RECORDS SHOWN:
____________________
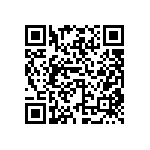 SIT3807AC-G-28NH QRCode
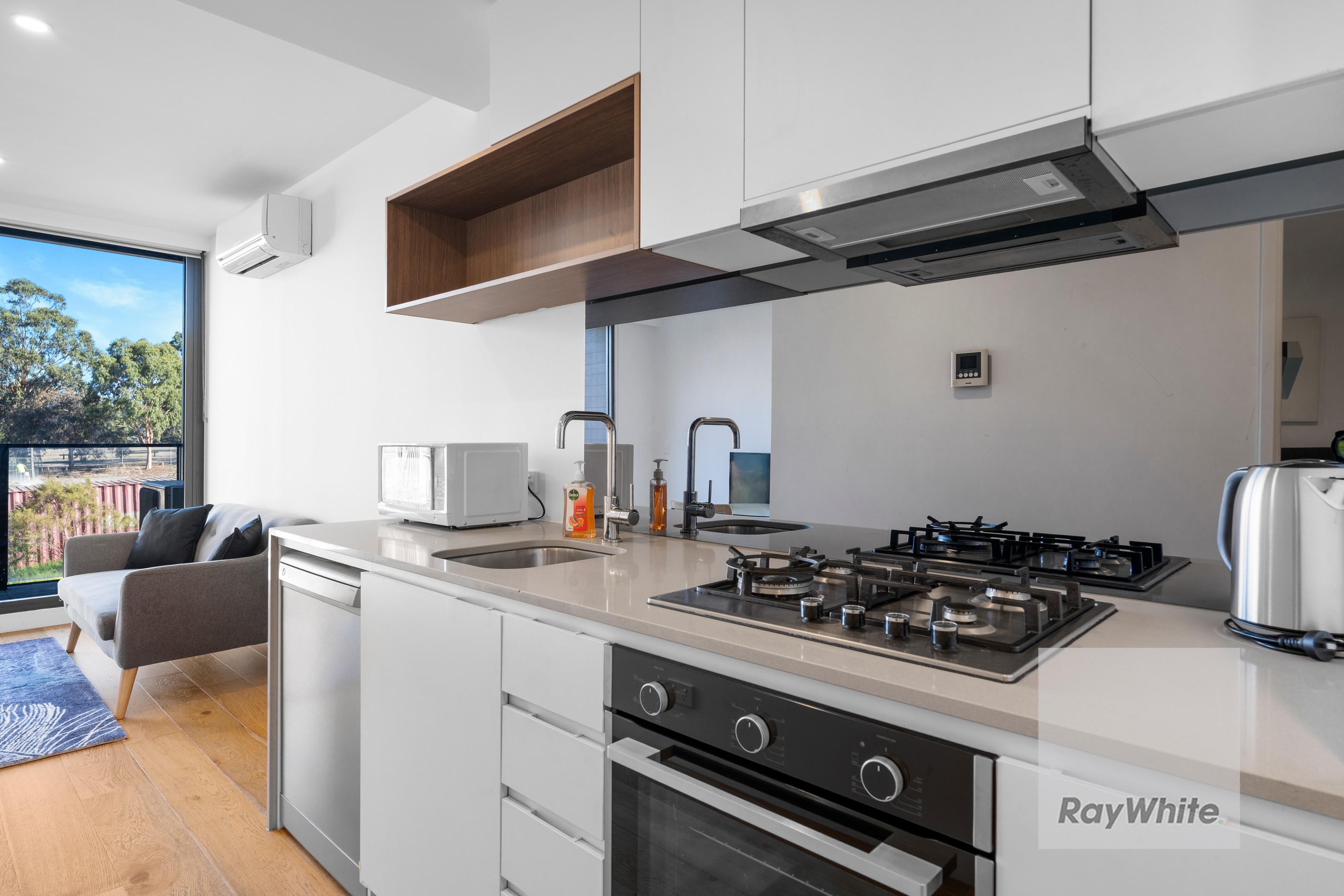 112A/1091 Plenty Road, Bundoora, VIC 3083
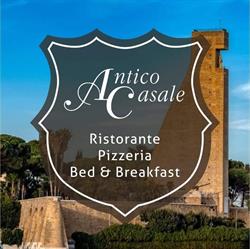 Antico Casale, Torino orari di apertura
____________________
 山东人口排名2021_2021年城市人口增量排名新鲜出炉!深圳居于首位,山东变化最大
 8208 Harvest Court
____________________
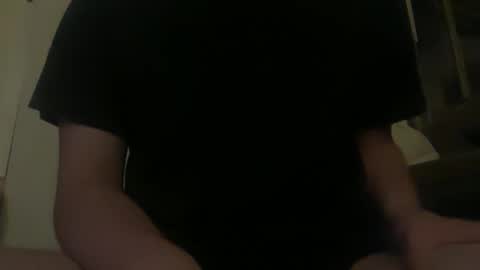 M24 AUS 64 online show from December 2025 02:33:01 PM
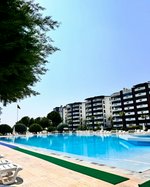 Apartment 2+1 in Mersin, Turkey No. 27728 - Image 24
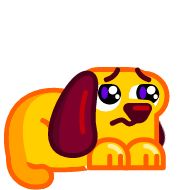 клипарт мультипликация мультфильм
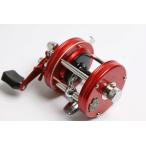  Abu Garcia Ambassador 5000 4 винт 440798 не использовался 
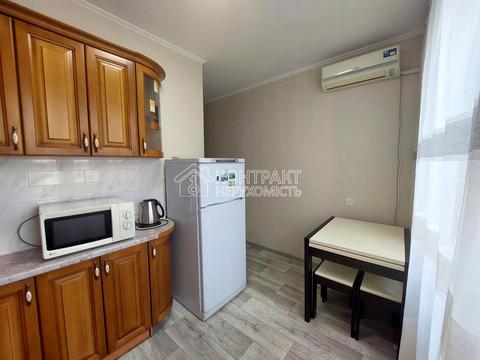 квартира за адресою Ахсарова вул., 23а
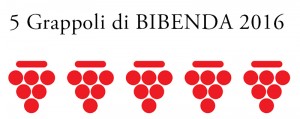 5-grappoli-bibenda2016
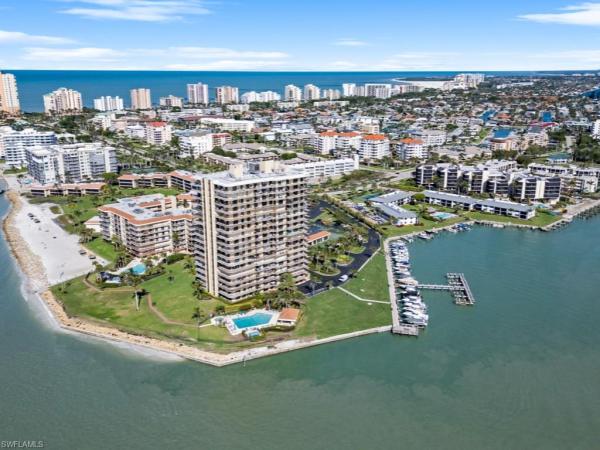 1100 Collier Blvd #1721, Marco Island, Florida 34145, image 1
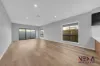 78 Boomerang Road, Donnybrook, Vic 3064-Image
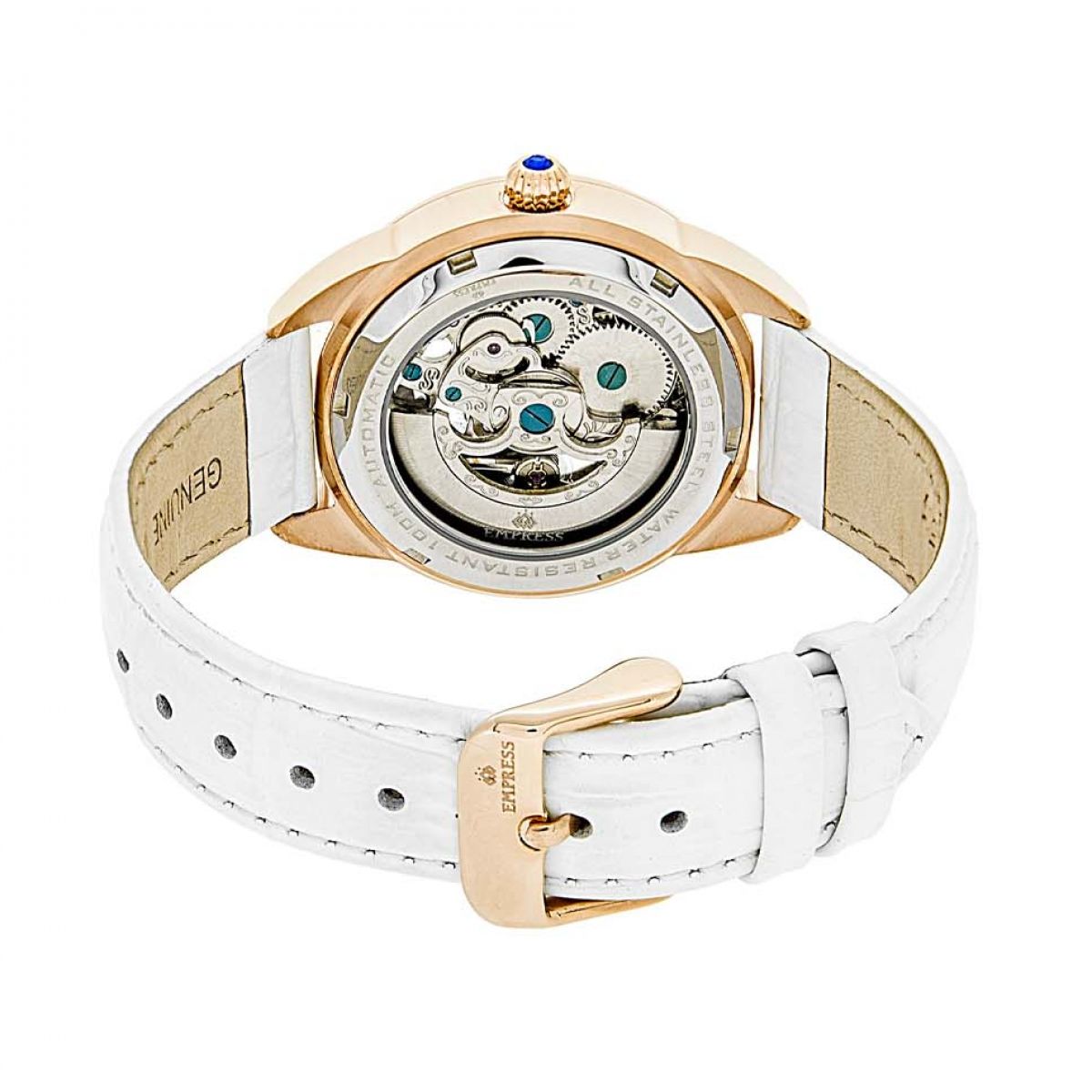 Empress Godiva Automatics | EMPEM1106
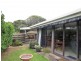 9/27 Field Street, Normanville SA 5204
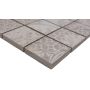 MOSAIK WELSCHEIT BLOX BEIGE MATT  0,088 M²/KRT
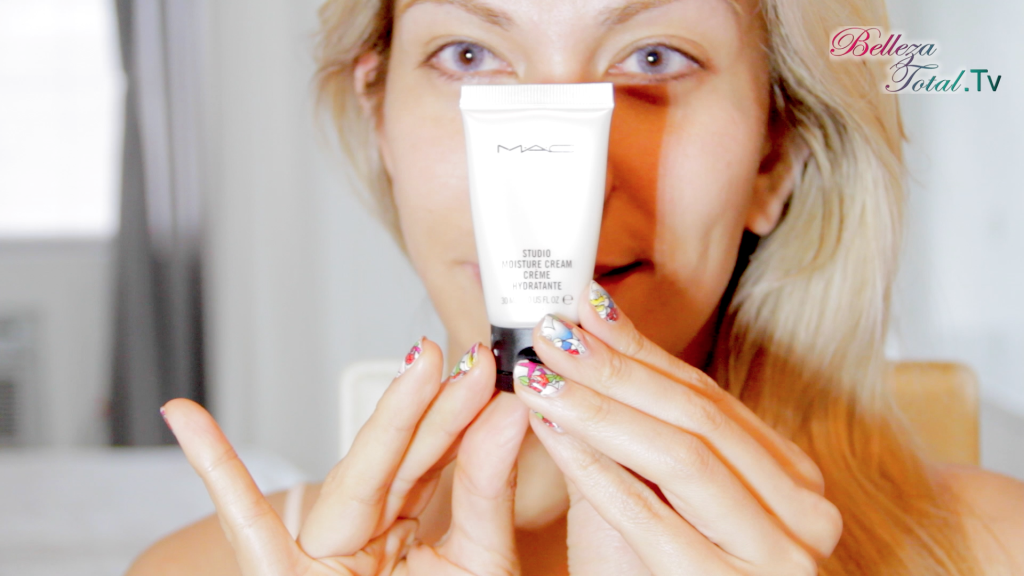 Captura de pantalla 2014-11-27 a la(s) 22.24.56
____________________
WHAT YOU NEED TO DO: In the data above, start at the line holding "112A/1091 Plenty Road, Bundoora, VIC 3083" and stop after the line holding "Antico Casale, Torino orari di apertura"; write out those lines exactly, without pictures.

RESULT FOR THIS EXERCISE:
 112A/1091 Plenty Road, Bundoora, VIC 3083
 Antico Casale, Torino orari di apertura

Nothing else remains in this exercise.